Other free apps should involve tech demos, hobbyist efforts, silly stuff that wouldn't get sold otherwise, or interfaces to web apps and services (like Facebook, Reddit, etc.) or extensions of desktop apps (but not always). Oh, and if you have ads in your app, you probably shouldn't charge for it as well. I want to avoid ads, but we'll see.
$.99 apps: Toys, simple 1-screen helper apps and basic tools. I think we're to a point where voice recording apps can all be priced at this point and compete on features. Stuff like snowglobes and other non-game fun items are easily sold at this pricepoint.

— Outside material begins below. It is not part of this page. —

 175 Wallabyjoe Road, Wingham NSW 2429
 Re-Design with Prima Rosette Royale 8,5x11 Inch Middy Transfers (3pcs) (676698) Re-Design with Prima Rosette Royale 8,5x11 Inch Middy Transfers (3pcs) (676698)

$1.99 apps: Casual games, more robust tools (but not full-featured tools), or extensions of web services that add significant value (I would pay $1.99 for the Zenbe to-do app, because it adds local caching of data and excellent sync services).
$2.99 and up to $9.99: This is the sweet spot! You're likely to make money here. But you have to deliver a bullet-list of features and/or repeat value (in terms of games that means lots of replay capabilities). Perfect example: Fastlane. There are a lot of tracks and cars to unlock, and several game modes to explore when you've beat all the tracks and unlocked the cars.

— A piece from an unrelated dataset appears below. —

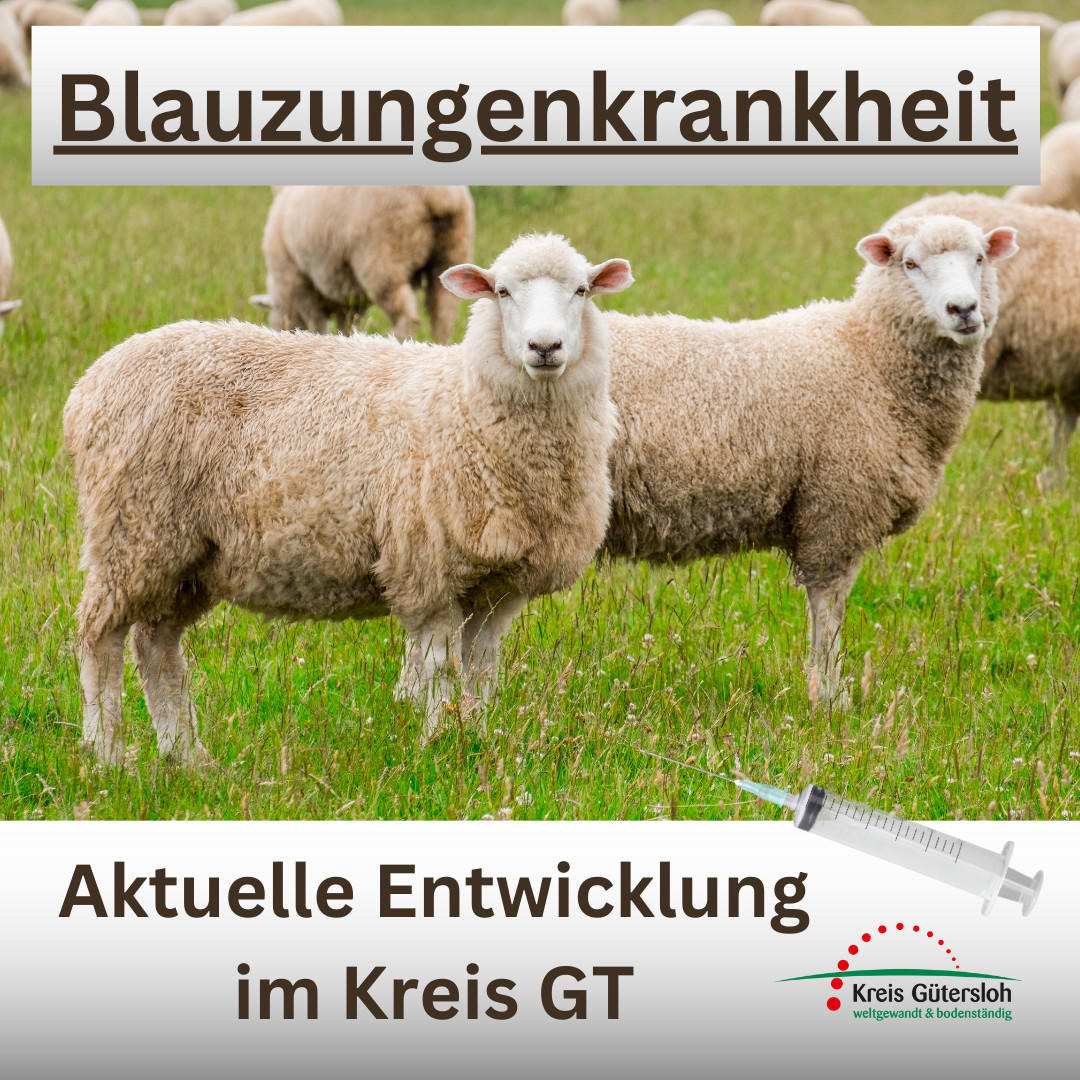 Blauzungenkrankheit Mehrere Schafe auf einer Weide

More than $9.99: Specialized, niche apps. I'm considering pricing our first paid application, possibly something to do with magic, above ten bucks. Why? For one thing, we'll be catering to a niche. For another, it's typical in the magic biz to price high to avoid people ruining the secret. And finally, we'll be splitting the money with a well-known magician and I want to make sure everyone is duly compensated. When you see how much value we're packing in the thing, I think it'll be worth it.
Ultimately I think people are dropping to $.99 because they want to zip to the top of the charts. It's a lot like the web boom during the late 90's, early part of this century -- lose money for mindspace. People are doing this because they either don't understand what "real" marketing is (hint: it ain't hoping Apple will feature your app) or they don't see the value in it. Is it worth a $10,000 ad campaign to promote your app? Well, if it costs more than $.99, yeah, it probably is... if you do it right!
With superpixel we're going to play the long game. When you see posts on a blog that make it to digg months after publication, you learn to trust the big cloud brain and realize that the right apps will find their audience. Just give it time. But think it through so you aren't waiting for the world to beat a path to your door -- that means start planning your marketing as you build your app.
Afterthought: Note that I'm taking this from a boostrap & indie dev POV, not someone who would be running a division at EA or even Omni. I recognize that there are myriad business decisions and design decisions and resource decisions that influence the price of an app. So this is my opinion based on what I think the "average" buyer would do.
Would you buy a whoopee cushion for $4.99?